Para militantes de direitos humanos, o texto viola dois artigos da Constituição: o 68, que "proíbe o uso de armas de fogo […] no controle de manifestações pacíficas; e o 332, pelo qual os "órgãos de segurança cidadã são de caráter civil [e não militar]."

"Essa resolução é perigosa porque coloca no marco da legalidade práticas nefastas já utilizadas", diz a advogada Liliana Ortega, da ONG Cofavic.
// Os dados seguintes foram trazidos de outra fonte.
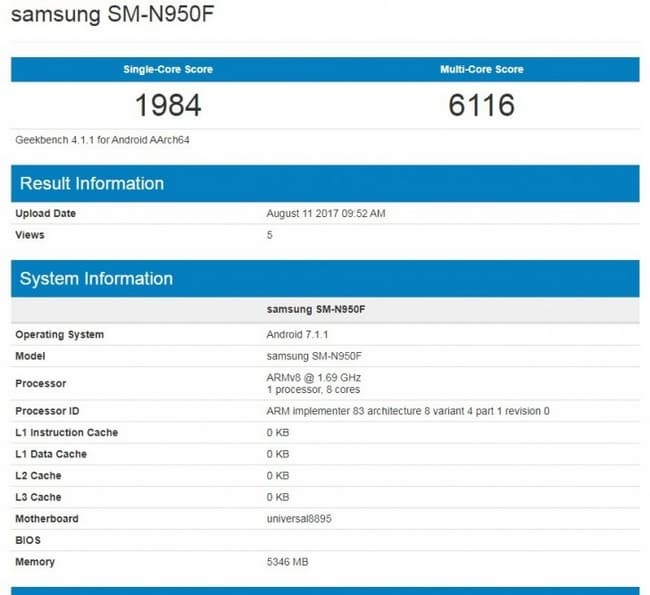 Смартфон Samsung Galaxy Note 8 протестирован в Geekbench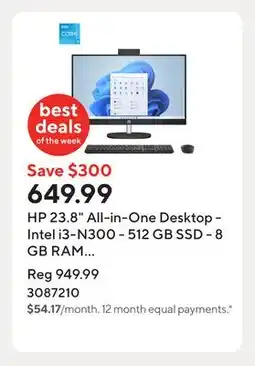 Staples HP 23.8 All-in-One Desktop - Intel i3-N300 - 512 GB SSD - 8 GB RAM - Windows 11 Home offer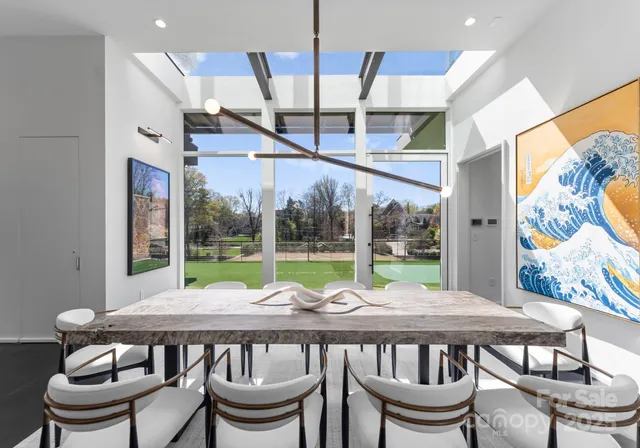 a view of a dining room with furniture window and outside view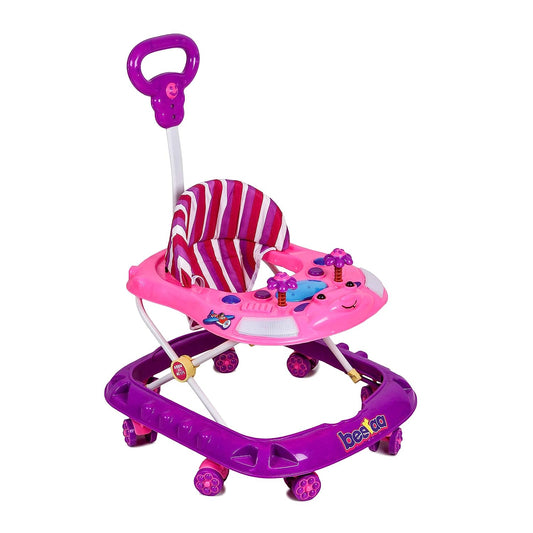 Mama Love Baby Ultra Soft Seat Activity Walker with Wheel | Adjustable Height and Musical Tray |Toys|Push Handle Bar (6 to 24 Months) (Purple & Pink Color) - MRGTOYS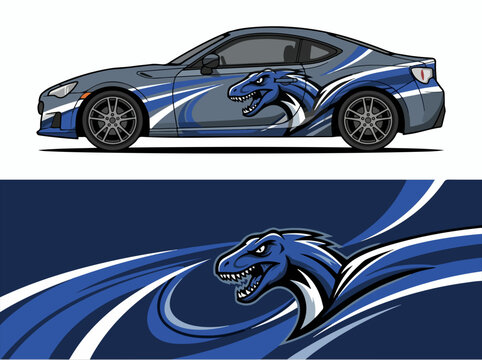 Blue Sports Car Dragon Wrap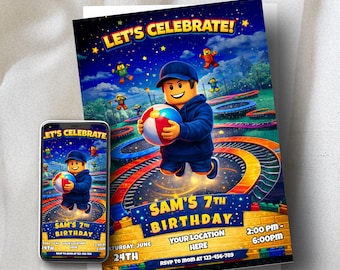 Trampolinpark-Geburtstagseinladung - Bausteine-Jump-Party einladen - Bearbeitbare digitale Vorlage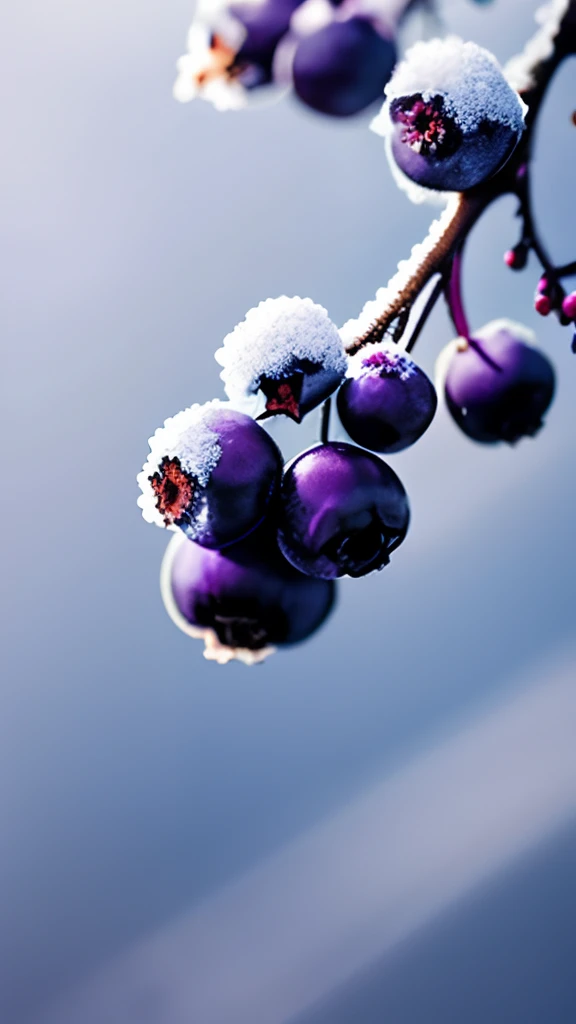 On the frozen branches grow purple blueberries,There is frost on the blueberries,Early winter weather,Blur hazy background,first person perspective
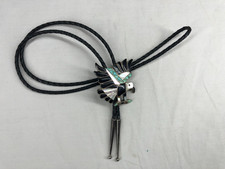 GREAT VINTAGE ZUNI MADE INLAYED EAGLE  BOLO TIE, TURQUOISE, MOTHER OF PEARL, JET picture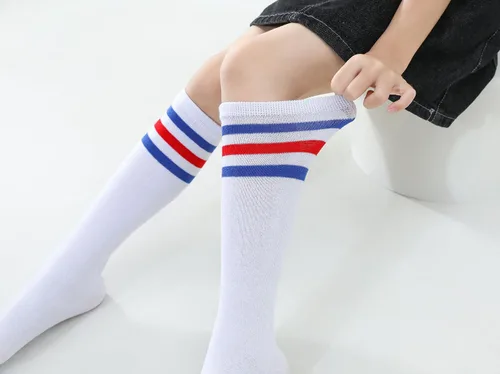 Miniatura 21 de TOCONFFON Calcetines de tubo hasta la rodilla para niños, niñas y adolescentes, calcetines deportivos de algodón para la escuela de fútbol, uniforme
Ela acusa o Executivo de recorrer à teoria da segurança nacional, geralmente usada por regimes autoritários contra dissidentes.

Para Rocío San Miguel, da ONG Controle Cidadão para a Segurança, Defesa e Força Armada, o texto é arbitrário por não deixar claro quando nem como seria usada a "força potencialmente mortal."

Reação

A MUD, principal coalizão opositora, chamou a medida de "abominável".

A resolução foi recebida com irritação nas redes sociais, onde muitos venezuelanos acusam o presidente Nicolás Maduro de estar "em guerra contra o povo."

A medida foi implantada num momento em que é cada vez mais palpável a impaciência com a situação no país.

À inflação de 64% somam-se filas enormes no comércio, escassez de remédios e produtos básicos – como sabão e papel higiênico – e alto índice de criminalidade.

Há relatos de lojas saqueadas e confrontos entre polícia e manifestantes, principalmente no oeste do país.

A situação está longe da violência registrada no início de 2014, quando protestos deixaram 43 mortos. Mas analistas veem alto risco de acirramento da crise devido à queda global dos preços do petróleo e, portanto, da arrecadação financeira do país.

O risco de distúrbios é potencializado pela aproximação da eleição parlamentar de dezembro, na qual a oposição hoje é dada como favorita. A aprovação do governo, que se diz vítima de complô, é de 22%. "O potencial de conflito é muito alto", diz San Miguel.

Crise

Com ainda três anos de mandato, o presidente venezuelano, Nicolás Maduro, enfrenta ampla rejeição popular, tensão social e uma crise econômica que ameaça implodir o país.

A situação do governo complicou-se ainda mais com a revelação nesta semana de uma denúncia, em trâmite na Justiça americana, acusando o presidente do Parlamento e oficial do Exército, Diosdado Cabello, de ser narcotraficante.

Um dos personagens mais poderosos do país, Cabello seria chefe de um cartel que opera a partir das Forças Armadas venezuelanas.

Segundo o jornal espanhol "ABC", a denúncia foi feita por Leamsy Salazar, ex-guarda-costas de Cabello que fugiu para os EUA para colaborar com investigadores locais.

O partido governista PSUV admitiu a deserção e confirmou que Salazar também foi segurança de Hugo Chávez até a morte do então presidente, em 2013.

Salazar disse que os aviões da estatal petroleira PDVSA são usados para transporte de cocaína e que o comércio ilícito é orquestrado pelo filho de Chávez com apoio logístico de Cuba.

Complô

Cabello disse que as acusações são parte de um complô para denegrir a revolução bolivariana e recebeu apoio de Maduro, a quem chamou de "irmão revolucionário".

A situação, porém, ameaça fragilizar ainda mais o governo caso os EUA confirmem oficialmente vínculos de Cabello com outras autoridades venezuelanas investigadas por narcotráfico.

Para analistas pró-governo, a denúncia atende ao interesse americano de deslegitimar Maduro e fortalecer a oposição direitista a menos de um ano das eleições legislativas.

Críticos, porém, dizem que o caso corrobora suspeitas de tensa rivalidade entre Maduro, apontado por Chávez como seu sucessor, e Cabello, que chegou a dizer que não acreditava no "chavismo sem Chávez."

Maduro e Cabello sempre negaram atritos, mas Caracas há meses convive com rumores de que o líder do Legislativo planeja tomar a Presidência caso se agrave a crise.

"A pergunta é: a quem interessa eliminar Cabello como sucessor?", diz o consultor político Carlos Raúl Hernandez. "[A denúncia] talvez sirva para impedir que Maduro saia de cena", afirma, insistindo em que, diante da falta de provas, ainda se trata de especulação.

O caso surge dois anos após Maduro ser empossado em eleição convocadas às pressas pela morte de Chávez e em meio a um pico de tensão pela escassez de produtos básicos como remédios e alimentos.

Os estoques não foram repostos porque o governo vem restringindo aos comerciantes os dólares necessários à importação.